This chapter introduces Large Objects (LOBs) and discusses how LOB datatypes are used in application development. This chapter contains these topics:
Large Objects (LOBs) are a set of datatypes that are designed to hold large amounts of data. A LOB can hold up to a maximum size ranging from 8 terabytes to 128 terabytes depending on how your database is configured. Storing data in LOBs enables you to access and manipulate the data efficiently in your application.
This section introduces different types of data that you encounter when developing applications and discusses which kinds of data are suitable for large objects.

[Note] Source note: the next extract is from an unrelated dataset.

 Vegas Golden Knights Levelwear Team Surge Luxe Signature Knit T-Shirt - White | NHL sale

In the world today, applications must deal with the following kinds of data:
Simple structured data.
This data can be organized into simple tables that are structured based on business rules.
Complex structured data
This kind of data is complex in nature and is suited for the object-relational features of the Oracle database such as collections, references, and user-defined types.
This kind of data has a logical structure that is not typically interpreted by the database. For example, an XML document that is processed by your application or an external service, can be thought of as semi-structured data. The database provides technologies such as Oracle XML DB, Advanced Queueing, and Messages to help your application work with semi-structured data.

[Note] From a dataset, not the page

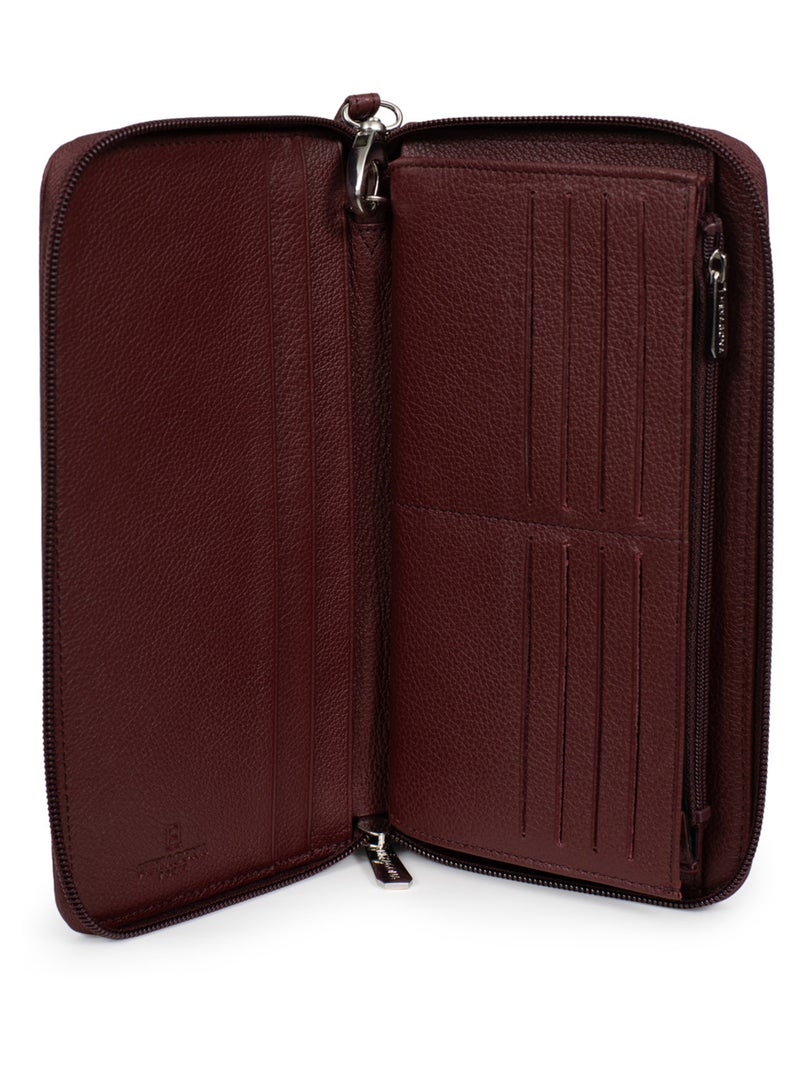 Compagnon de voyage  cuir confort hexagona Violet prune - Kiabi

This kind of data is not broken down into smaller logical structures and is not typically interpreted by the database or your application. A photographic image stored as a binary file is an example of unstructured data.

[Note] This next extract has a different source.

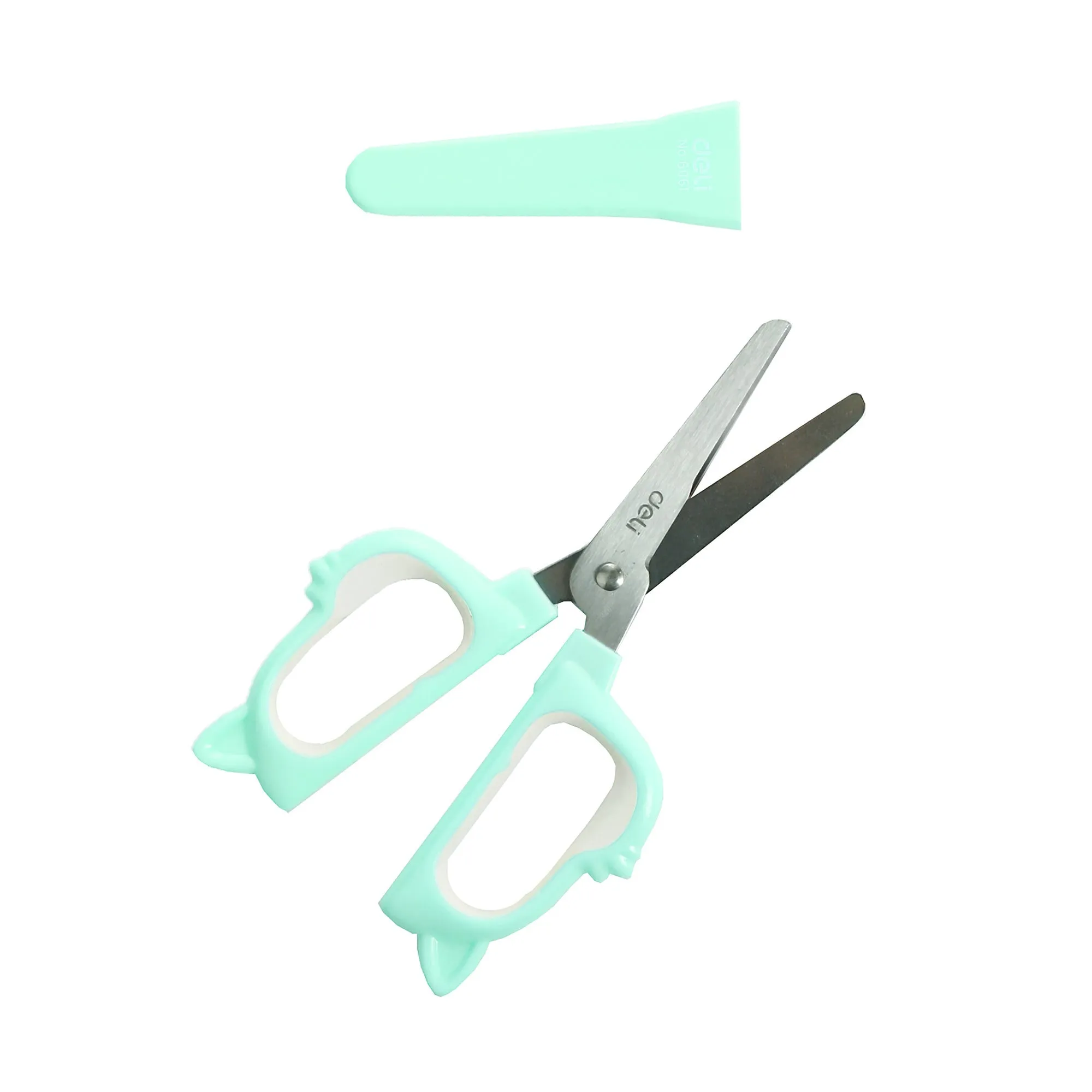Happy Cat Hand Held Scissors - Pink, Blue, and Green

Large objects are suitable for these last two kinds of data: semi-structured data and unstructured data. Large objects features allow you to store these kinds of data in the database as well as in operating system files that are accessed from the database.
With the growth of the internet and content-rich applications, it has become imperative that the database support a datatype that:
Can store unstructured and semi-structured data in an efficient manner.
Is optimized for large amounts of data.
Provides a uniform way of accessing data stored within the database or outside the database.
Examples of semi-structured data include document files such as XML documents or word processor files. These kinds of documents contain data in a logical structure that is processed or interpreted by an application, and is not broken down into smaller logical units when stored in the database.
Applications involving semi-structured data typically use large amounts of character data. The Character Large Object (
CLOB) and National Character Large Object (
NCLOB) datatypes are ideal for storing and manipulating this kind of data.
Binary File objects (
BFILE datatypes) can also store character data. You can use
BFILEs to load read-only data from operating system files into
NCLOB instances that you then manipulate in your application.
Unstructured data cannot be decomposed into standard components. For example, data about an employee can be structured into a name, which is stored as a string; an identifier, such as an ID number, a salary and so on. A photograph, on the other hand, consists of a long stream of 1s and 0s. These bits are used to switch pixels on or off so that you can see the picture on a display, but are not broken down into any finer structure for database storage.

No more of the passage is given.